Since we are talking tomatoes, if your plants look anything like mine, they have a ton of green fruit and a few colored ones coming. Oh my, we are going to have a lot of tomatoes soon. Note to self, grow 500 plants next year instead of 1000! This year is a little tricky to manage the tomato crops, sunburn has been harder than normal. We usually combat this by leaving more foliage, but when you leave more foliage, you also produce more fruit. And more fruit means smaller tomatoes, but at least the sunburn is limited. However, harvest is delayed, and you must fertilize them more heavily and more often because the plants are bigger and full of more fruit. But it takes labor to thin 1000 tomato plants, and labor has been in short supply this year.
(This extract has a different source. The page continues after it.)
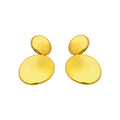 Double Disc Drop Earrings in Gold and Silver Tone Finishes view 5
Who would have thought that you must spend so much time thinking about growing tomatoes? However, the original point I was going to make is that at some point soon, it will be important to water the tomatoes less and also pick off any new blossoms that will not ripen before it turns cold.
Tomato plants are trying to produce as much fruit and seeds as possible so that their progeny can grow next year. As a farmer, I need them to produce fruit and then ripen it. Here lies the challenge. I need to decide when to introduce stress and send the plant a signal to focus on ripening the fruit on the vine and spend less time growing more leaves to produce more fruit.
If this were after Labor Day, I would encourage all of you to cut back on watering and pick off some blossoms, but this year is anything but normal.
What am I going to do? I am going to water less and encourage the plants to focus on ripening the tomatoes that have set fruit.